*** Records for the exercise ***
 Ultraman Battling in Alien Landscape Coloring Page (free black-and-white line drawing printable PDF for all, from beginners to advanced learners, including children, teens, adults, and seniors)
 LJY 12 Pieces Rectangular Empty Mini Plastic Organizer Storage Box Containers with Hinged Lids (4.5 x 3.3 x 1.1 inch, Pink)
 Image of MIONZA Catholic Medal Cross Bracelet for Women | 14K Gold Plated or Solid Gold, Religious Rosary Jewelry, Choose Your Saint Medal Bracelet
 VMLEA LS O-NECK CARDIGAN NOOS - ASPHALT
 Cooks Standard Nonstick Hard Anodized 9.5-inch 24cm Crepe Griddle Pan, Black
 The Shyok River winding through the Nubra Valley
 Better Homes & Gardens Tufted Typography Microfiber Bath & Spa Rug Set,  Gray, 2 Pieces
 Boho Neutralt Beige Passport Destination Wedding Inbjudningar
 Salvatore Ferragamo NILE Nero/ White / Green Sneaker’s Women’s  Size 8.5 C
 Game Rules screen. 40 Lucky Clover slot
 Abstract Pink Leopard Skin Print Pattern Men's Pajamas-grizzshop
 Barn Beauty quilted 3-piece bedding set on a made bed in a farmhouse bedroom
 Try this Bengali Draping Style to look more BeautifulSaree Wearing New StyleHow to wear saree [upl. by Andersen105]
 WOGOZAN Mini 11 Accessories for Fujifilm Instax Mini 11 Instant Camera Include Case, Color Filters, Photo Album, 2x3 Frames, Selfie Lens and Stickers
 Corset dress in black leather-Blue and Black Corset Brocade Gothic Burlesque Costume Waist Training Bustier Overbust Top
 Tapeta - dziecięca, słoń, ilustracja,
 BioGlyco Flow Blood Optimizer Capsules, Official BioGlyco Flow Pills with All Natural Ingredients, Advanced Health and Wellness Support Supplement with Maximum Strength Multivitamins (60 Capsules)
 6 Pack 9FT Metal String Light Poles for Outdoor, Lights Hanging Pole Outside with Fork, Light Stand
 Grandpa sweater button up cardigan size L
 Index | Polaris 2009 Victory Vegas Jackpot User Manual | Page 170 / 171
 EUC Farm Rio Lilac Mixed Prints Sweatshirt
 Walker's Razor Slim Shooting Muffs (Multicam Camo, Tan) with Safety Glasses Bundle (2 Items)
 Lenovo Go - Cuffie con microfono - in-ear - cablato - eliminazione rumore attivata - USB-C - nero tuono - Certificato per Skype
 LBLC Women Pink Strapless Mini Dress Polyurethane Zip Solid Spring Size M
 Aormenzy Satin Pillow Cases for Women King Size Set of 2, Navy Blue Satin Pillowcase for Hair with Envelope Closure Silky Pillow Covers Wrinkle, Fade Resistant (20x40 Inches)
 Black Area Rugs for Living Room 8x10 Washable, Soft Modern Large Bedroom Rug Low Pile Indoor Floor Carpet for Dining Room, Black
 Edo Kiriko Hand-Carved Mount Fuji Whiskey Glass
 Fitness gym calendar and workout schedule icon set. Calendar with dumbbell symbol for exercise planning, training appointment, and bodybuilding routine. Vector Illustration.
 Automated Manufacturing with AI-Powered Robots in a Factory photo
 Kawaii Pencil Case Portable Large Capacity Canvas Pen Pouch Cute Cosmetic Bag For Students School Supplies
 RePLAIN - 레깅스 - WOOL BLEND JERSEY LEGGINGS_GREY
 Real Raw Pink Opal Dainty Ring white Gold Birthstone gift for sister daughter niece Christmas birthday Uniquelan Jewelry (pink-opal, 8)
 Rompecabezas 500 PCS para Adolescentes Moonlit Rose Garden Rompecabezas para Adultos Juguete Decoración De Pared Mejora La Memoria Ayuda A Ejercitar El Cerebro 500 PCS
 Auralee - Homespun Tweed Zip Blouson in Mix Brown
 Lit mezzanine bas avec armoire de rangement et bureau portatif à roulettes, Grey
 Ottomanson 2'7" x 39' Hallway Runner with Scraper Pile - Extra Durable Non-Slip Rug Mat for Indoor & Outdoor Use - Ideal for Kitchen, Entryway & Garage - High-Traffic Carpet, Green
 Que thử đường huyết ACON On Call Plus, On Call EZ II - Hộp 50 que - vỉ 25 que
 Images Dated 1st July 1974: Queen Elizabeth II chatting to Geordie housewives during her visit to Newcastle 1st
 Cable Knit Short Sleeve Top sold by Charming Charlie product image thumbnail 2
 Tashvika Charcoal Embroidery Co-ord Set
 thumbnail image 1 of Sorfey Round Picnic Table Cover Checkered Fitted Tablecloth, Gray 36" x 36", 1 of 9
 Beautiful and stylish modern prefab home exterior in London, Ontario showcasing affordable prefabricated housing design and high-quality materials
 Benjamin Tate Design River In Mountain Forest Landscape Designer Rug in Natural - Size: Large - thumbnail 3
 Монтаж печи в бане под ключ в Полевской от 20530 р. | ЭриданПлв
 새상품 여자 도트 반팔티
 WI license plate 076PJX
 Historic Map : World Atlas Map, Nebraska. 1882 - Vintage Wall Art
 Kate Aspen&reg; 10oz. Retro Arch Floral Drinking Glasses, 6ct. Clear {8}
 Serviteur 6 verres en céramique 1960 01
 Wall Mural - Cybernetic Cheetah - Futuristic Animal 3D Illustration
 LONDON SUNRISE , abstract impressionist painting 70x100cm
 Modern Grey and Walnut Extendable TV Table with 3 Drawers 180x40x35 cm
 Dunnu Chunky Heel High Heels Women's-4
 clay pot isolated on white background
*** End of Records for the exercise ***
All of the entries above should be transcribed exactly, line for line.

> Answer area:
 Ultraman Battling in Alien Landscape Coloring Page (free black-and-white line drawing printable PDF for all, from beginners to advanced learners, including children, teens, adults, and seniors)
 LJY 12 Pieces Rectangular Empty Mini Plastic Organizer Storage Box Containers with Hinged Lids (4.5 x 3.3 x 1.1 inch, Pink)
 Image of MIONZA Catholic Medal Cross Bracelet for Women | 14K Gold Plated or Solid Gold, Religious Rosary Jewelry, Choose Your Saint Medal Bracelet
 VMLEA LS O-NECK CARDIGAN NOOS - ASPHALT
 Cooks Standard Nonstick Hard Anodized 9.5-inch 24cm Crepe Griddle Pan, Black
 The Shyok River winding through the Nubra Valley
 Better Homes & Gardens Tufted Typography Microfiber Bath & Spa Rug Set,  Gray, 2 Pieces
 Boho Neutralt Beige Passport Destination Wedding Inbjudningar
 Salvatore Ferragamo NILE Nero/ White / Green Sneaker’s Women’s  Size 8.5 C
 Game Rules screen. 40 Lucky Clover slot
 Abstract Pink Leopard Skin Print Pattern Men's Pajamas-grizzshop
 Barn Beauty quilted 3-piece bedding set on a made bed in a farmhouse bedroom
 Try this Bengali Draping Style to look more BeautifulSaree Wearing New StyleHow to wear saree [upl. by Andersen105]
 WOGOZAN Mini 11 Accessories for Fujifilm Instax Mini 11 Instant Camera Include Case, Color Filters, Photo Album, 2x3 Frames, Selfie Lens and Stickers
 Corset dress in black leather-Blue and Black Corset Brocade Gothic Burlesque Costume Waist Training Bustier Overbust Top
 Tapeta - dziecięca, słoń, ilustracja,
 BioGlyco Flow Blood Optimizer Capsules, Official BioGlyco Flow Pills with All Natural Ingredients, Advanced Health and Wellness Support Supplement with Maximum Strength Multivitamins (60 Capsules)
 6 Pack 9FT Metal String Light Poles for Outdoor, Lights Hanging Pole Outside with Fork, Light Stand
 Grandpa sweater button up cardigan size L
 Index | Polaris 2009 Victory Vegas Jackpot User Manual | Page 170 / 171
 EUC Farm Rio Lilac Mixed Prints Sweatshirt
 Walker's Razor Slim Shooting Muffs (Multicam Camo, Tan) with Safety Glasses Bundle (2 Items)
 Lenovo Go - Cuffie con microfono - in-ear - cablato - eliminazione rumore attivata - USB-C - nero tuono - Certificato per Skype
 LBLC Women Pink Strapless Mini Dress Polyurethane Zip Solid Spring Size M
 Aormenzy Satin Pillow Cases for Women King Size Set of 2, Navy Blue Satin Pillowcase for Hair with Envelope Closure Silky Pillow Covers Wrinkle, Fade Resistant (20x40 Inches)
 Black Area Rugs for Living Room 8x10 Washable, Soft Modern Large Bedroom Rug Low Pile Indoor Floor Carpet for Dining Room, Black
 Edo Kiriko Hand-Carved Mount Fuji Whiskey Glass
 Fitness gym calendar and workout schedule icon set. Calendar with dumbbell symbol for exercise planning, training appointment, and bodybuilding routine. Vector Illustration.
 Automated Manufacturing with AI-Powered Robots in a Factory photo
 Kawaii Pencil Case Portable Large Capacity Canvas Pen Pouch Cute Cosmetic Bag For Students School Supplies
 RePLAIN - 레깅스 - WOOL BLEND JERSEY LEGGINGS_GREY
 Real Raw Pink Opal Dainty Ring white Gold Birthstone gift for sister daughter niece Christmas birthday Uniquelan Jewelry (pink-opal, 8)
 Rompecabezas 500 PCS para Adolescentes Moonlit Rose Garden Rompecabezas para Adultos Juguete Decoración De Pared Mejora La Memoria Ayuda A Ejercitar El Cerebro 500 PCS
 Auralee - Homespun Tweed Zip Blouson in Mix Brown
 Lit mezzanine bas avec armoire de rangement et bureau portatif à roulettes, Grey
 Ottomanson 2'7" x 39' Hallway Runner with Scraper Pile - Extra Durable Non-Slip Rug Mat for Indoor & Outdoor Use - Ideal for Kitchen, Entryway & Garage - High-Traffic Carpet, Green
 Que thử đường huyết ACON On Call Plus, On Call EZ II - Hộp 50 que - vỉ 25 que
 Images Dated 1st July 1974: Queen Elizabeth II chatting to Geordie housewives during her visit to Newcastle 1st
 Cable Knit Short Sleeve Top sold by Charming Charlie product image thumbnail 2
 Tashvika Charcoal Embroidery Co-ord Set
 thumbnail image 1 of Sorfey Round Picnic Table Cover Checkered Fitted Tablecloth, Gray 36" x 36", 1 of 9
 Beautiful and stylish modern prefab home exterior in London, Ontario showcasing affordable prefabricated housing design and high-quality materials
 Benjamin Tate Design River In Mountain Forest Landscape Designer Rug in Natural - Size: Large - thumbnail 3
 Монтаж печи в бане под ключ в Полевской от 20530 р. | ЭриданПлв
 새상품 여자 도트 반팔티
 WI license plate 076PJX
 Historic Map : World Atlas Map, Nebraska. 1882 - Vintage Wall Art
 Kate Aspen&reg; 10oz. Retro Arch Floral Drinking Glasses, 6ct. Clear {8}
 Serviteur 6 verres en céramique 1960 01
 Wall Mural - Cybernetic Cheetah - Futuristic Animal 3D Illustration
 LONDON SUNRISE , abstract impressionist painting 70x100cm
 Modern Grey and Walnut Extendable TV Table with 3 Drawers 180x40x35 cm
 Dunnu Chunky Heel High Heels Women's-4
 clay pot isolated on white background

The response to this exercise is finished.